Running the clientscale experiments (Figure 7) should take about 4
minutes; runinng the corescale experiments (Figure 8) should take about
13 minutes.  (These runtimes are on a 2.3 GHz CPU, so your runtimes may
vary.)

See below for optional arguments you can pass to the experiment scripts.

## Details

### Changes to the upstream repository

Other than the dockerization, this repository makes the following
changes to [the original ucsc-anonymity/sparta-experiments
repository](https://github.com/ucsc-anonymity/sparta-experiments):

  - Added functions for sparta to return the current size of its message
    store ([commit b8d48d7](https://git-crysp.uwaterloo.ca/iang/sparta-experiments-docker/commit/b8d48d7a77abd746d581a7b429699c2b965e34fc)).
    As we note in Section A.3 of the TEEMS paper, Sparta's message store
    grows whenever any user sends a message, but _does not shrink_ when
    messages are retrieved.  These functions enable demonstration of
    this behaviour.

  - Increased the maximum number of threads and heap size for the SGX
    enclave ([commit
    0b32698](https://git-crysp.uwaterloo.ca/iang/sparta-experiments-docker/commit/0b32698ca2885dc5dd5d0c3e05daac248e18ec4c)
    and [commit
    afc33a7](https://git-crysp.uwaterloo.ca/iang/sparta-experiments-docker/commit/afc33a780823ab4e785db77322661135902c36b9)).
    When we experimented with multiple rounds of message sending, the
    message store grew larger than the configured maximum enclave heap
    size.  Our machine also had more cores than the maximum number of
    configured threads.

  - The original code did a single batch send, followed by a
    configurable number of batch fetches, and timed only the fetches.
    We slightly rearrange the code to do a configurable number of
    (batch send + batch fetch) rounds ([commit
    d11e4fc](https://git-crysp.uwaterloo.ca/iang/sparta-experiments-docker/commit/d11e4fc5a617829a3bf1b125f7b1caa7ae105cf8)).
    For each round, we report:

      - The number of messages sent in the batch (the number of users)
      - How many batches have been sent so far (the round number)
      - The size of the message store after this iteration
      - The time to send the batch
      - The time to fetch the batch
      - The total time to send and fetch the batch (the sum of the
        previous two)

    All times are in seconds.

### The clientscale experiments

The `./run-clientscale-experiments` script will generate the data for
Figure 7 in our paper, which holds the number of cores fixed at 16, and
varies the number of messages per batch from 32768 to 1048576.  (If you
have fewer than 16 cores, the script will just use however many you
have, but will run more slowly, of course.)
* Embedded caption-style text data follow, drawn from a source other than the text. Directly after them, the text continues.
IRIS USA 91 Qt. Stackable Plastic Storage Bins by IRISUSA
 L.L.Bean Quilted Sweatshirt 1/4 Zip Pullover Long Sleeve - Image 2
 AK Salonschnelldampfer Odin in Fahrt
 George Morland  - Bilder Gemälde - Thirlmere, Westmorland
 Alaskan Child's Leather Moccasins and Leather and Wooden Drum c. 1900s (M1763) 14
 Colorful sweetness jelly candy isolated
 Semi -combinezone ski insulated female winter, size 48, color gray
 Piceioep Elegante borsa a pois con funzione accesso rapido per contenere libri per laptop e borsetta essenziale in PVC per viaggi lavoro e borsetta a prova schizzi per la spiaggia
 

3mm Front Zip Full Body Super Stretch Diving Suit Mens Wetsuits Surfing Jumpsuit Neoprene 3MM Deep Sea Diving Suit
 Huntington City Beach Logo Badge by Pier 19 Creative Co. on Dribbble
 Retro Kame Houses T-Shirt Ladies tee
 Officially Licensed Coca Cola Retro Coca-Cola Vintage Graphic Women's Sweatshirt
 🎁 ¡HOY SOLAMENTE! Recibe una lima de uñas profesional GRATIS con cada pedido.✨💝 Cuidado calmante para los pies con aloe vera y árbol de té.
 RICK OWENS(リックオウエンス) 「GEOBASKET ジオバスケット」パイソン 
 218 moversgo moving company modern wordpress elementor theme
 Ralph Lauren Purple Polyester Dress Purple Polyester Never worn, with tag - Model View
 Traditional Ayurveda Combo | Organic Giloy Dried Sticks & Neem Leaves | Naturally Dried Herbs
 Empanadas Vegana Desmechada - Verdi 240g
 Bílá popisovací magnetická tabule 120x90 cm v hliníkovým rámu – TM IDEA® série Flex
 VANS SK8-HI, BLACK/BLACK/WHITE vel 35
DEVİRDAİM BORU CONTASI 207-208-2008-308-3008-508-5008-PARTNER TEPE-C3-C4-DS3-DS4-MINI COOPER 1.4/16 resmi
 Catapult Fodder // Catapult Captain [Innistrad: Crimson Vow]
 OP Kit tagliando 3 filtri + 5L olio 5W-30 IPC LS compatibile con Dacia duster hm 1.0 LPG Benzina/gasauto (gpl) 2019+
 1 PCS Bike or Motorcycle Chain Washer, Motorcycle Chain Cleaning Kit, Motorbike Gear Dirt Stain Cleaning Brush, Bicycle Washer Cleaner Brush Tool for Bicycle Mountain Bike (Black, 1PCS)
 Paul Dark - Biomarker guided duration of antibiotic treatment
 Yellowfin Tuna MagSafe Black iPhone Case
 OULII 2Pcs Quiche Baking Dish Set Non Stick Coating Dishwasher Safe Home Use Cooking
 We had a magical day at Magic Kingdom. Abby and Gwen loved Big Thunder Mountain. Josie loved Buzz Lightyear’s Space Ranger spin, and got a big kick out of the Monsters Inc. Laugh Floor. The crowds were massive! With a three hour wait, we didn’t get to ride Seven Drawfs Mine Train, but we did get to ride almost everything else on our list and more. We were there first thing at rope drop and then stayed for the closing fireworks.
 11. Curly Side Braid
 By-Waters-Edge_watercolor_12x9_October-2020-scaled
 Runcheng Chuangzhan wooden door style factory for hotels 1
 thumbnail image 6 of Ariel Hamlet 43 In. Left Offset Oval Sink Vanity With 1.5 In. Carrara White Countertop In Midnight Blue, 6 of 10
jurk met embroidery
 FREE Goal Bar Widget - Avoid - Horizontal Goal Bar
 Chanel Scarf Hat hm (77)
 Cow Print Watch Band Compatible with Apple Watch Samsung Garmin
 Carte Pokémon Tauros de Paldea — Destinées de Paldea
This script can take two optional parameters:

  - `niters` (defaults to 1): the number of times to run the experiment.
    The variance is quite small, so this doesn't need to be large.  Even
    1 is probably fine if you're just checking that your results are
    similar to ours.  (Your CPU speed will of course be a factor if you
    compare your raw timings to ours.)

  - `nrounds` (defaults to 1): the number of (send + fetch) rounds to do
    per batch size per experiment.  To give maximal benefit to the
    Sparta-SB data points in our Figure 7, we only used 1 round (just
    like the original code).  However, by setting this higher, you can
    see the effect described above, where larger numbers of sending
    rounds cause the message store to get larger, and the send and
    fetch operations to get slower.

The output of the `./run-clientscale-experiments` script can be parsed
by the `./parse-clientscale-logs` script, which will output a CSV with
columns:

  - Number of users
  - Number of batches sent (sending round)
  - Time to send that batch (mean and stddev over the `niters` experiment runs)
  - Time to fetch that batch (mean and stddev over the `niters` experiment runs)
  - Total time to send and fetch that batch (mean and stddev over the `niters` experiment runs)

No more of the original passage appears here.